Part VIII — Acts of the Parliament of Ireland
| Citation | Short title | Extent of repeal |
|---|---|---|
| 37 Hen. 6. c. 1 (I) | Warrants and Patents Act (Ireland) 1459 | The whole act. |
| 2 Eliz. 1. c. 1 (I) | Act of Supremacy (Ireland) 1560 | Section 14. |
| 4 Anne c. 12 (I) | Royal Mines Act (Ireland) 1705 | Section 4. |
| 10 Geo. 1. c. 5 (I) | Mines Act (Ireland) 1723 | Section 12. |

==== Part IX: Church Assembly Measures ====

Part IX — Church Assembly Measures
| Citation | Short title | Extent of repeal |
|---|---|---|
| 2 & 3 Geo. 6. No. 1 | Queen Anne's Bounty (Powers) Measure 1939 | In section 1, paragraph (vi). |

== Subsequent developments ==
The words from "but" onwards in section 5(1), and the words from "and" onwards in section 5(2) of the act, were repealed by section 41(1)(a) of, and part I of schedule 6 to, the Northern Ireland Constitution Act 1973, which came into force on 18 July 1973.

Section 4(3) of the act was repealed by section 6(3) of, and schedule 2 to, the Church of England (Worship and Doctrine) Measure 1974 (No. 3), which came into force on 1 September 1975.

The enactments which were repealed (whether for the whole or any part of the United Kingdom) by the act were repealed so far as they extended to the Isle of Man by section 1(1) of, and schedule 1 to, the Statute Law Revision (Isle of Man) Act 1991, which came into force on 25 July 1991.

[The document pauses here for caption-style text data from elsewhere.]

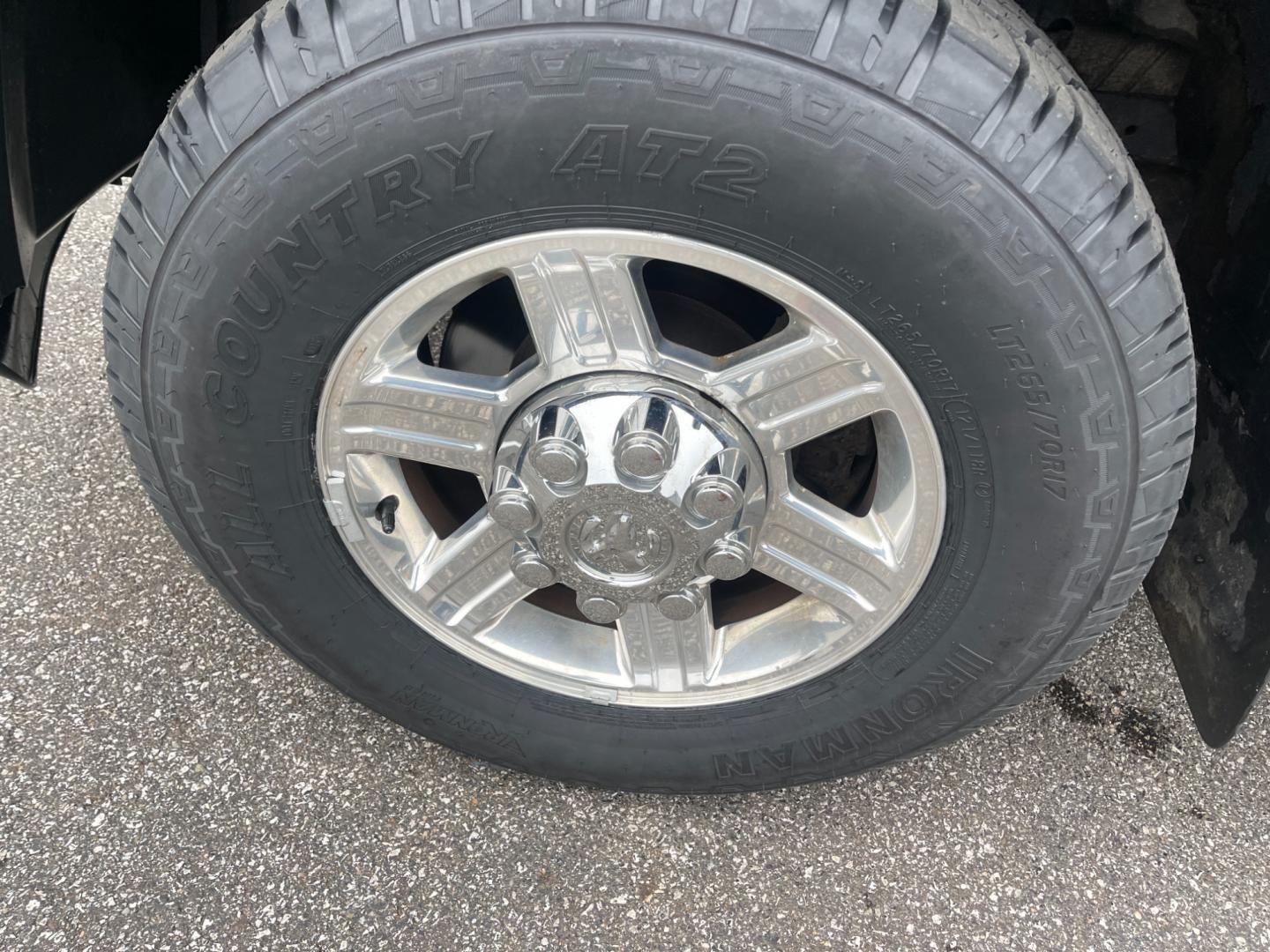 2012 Black /Black Dodge Ram 2500 Laramie Crew Cab SWB 4WD (3C6TD5FT6CG) with an 5.7L V8 OHV 16V engine, 6-Speed Automatic transmission, located at 547 E. Main St., Orwell, OH, 44076, (440) 437-5893, 41.535435, -80.847855 - This 2012 Dodge Ram 2500 Laramie Crew Cab is a heavy-duty pickup truck designed for serious towing and hauling capabilities. Powered by a 5.7L HEMI V8 engine mated to a 6-speed automatic transmission and 3.73 gearing, it boasts an impressive 10,550-pound towing capacity. The interior is well-appoint - Photo#19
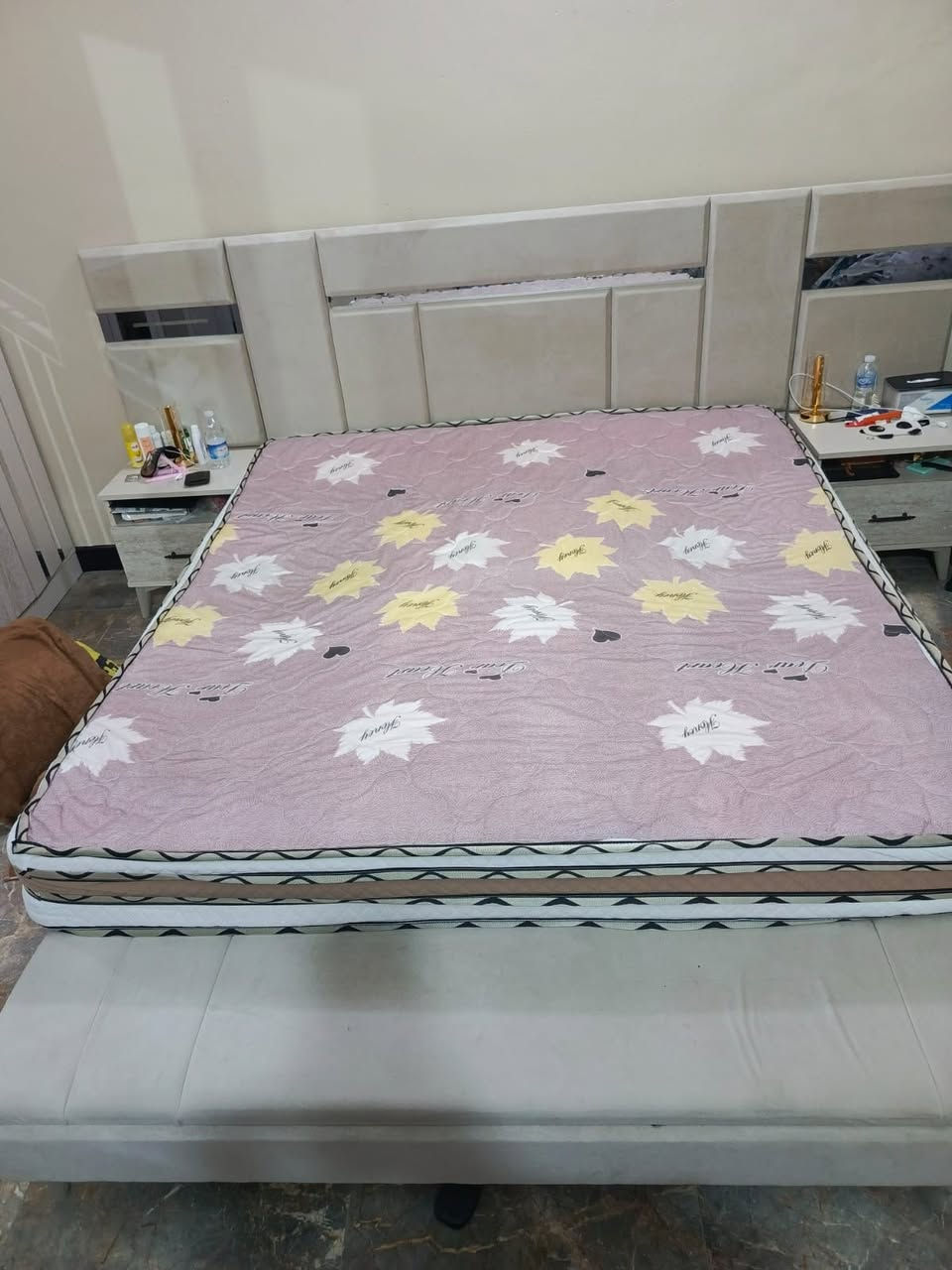 بيع غراض دوشك نفرين فقط وباب حديد ومايكرويف  لاستفسار الاتصال على الرقم ***********
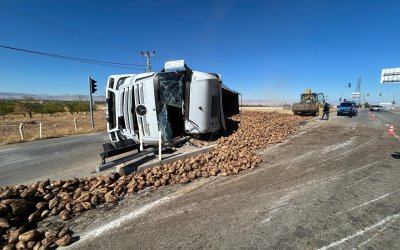 Malatya-Sivas Yolunda Pancar Yüklü Tır Devrildi: Sürücü Yaralandı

Sections 1, 2(3), the words "and so much of this Act as repeals the enactments mentioned in Parts III and IV of the Schedule." in section 5(1) and 6 of, and the schedule to, the act were repealed by section 1(1) of, and group 2 of part IX of schedule 1 to, the Statute Law (Repeals) Act 1998, which came into force on 19 November 1998.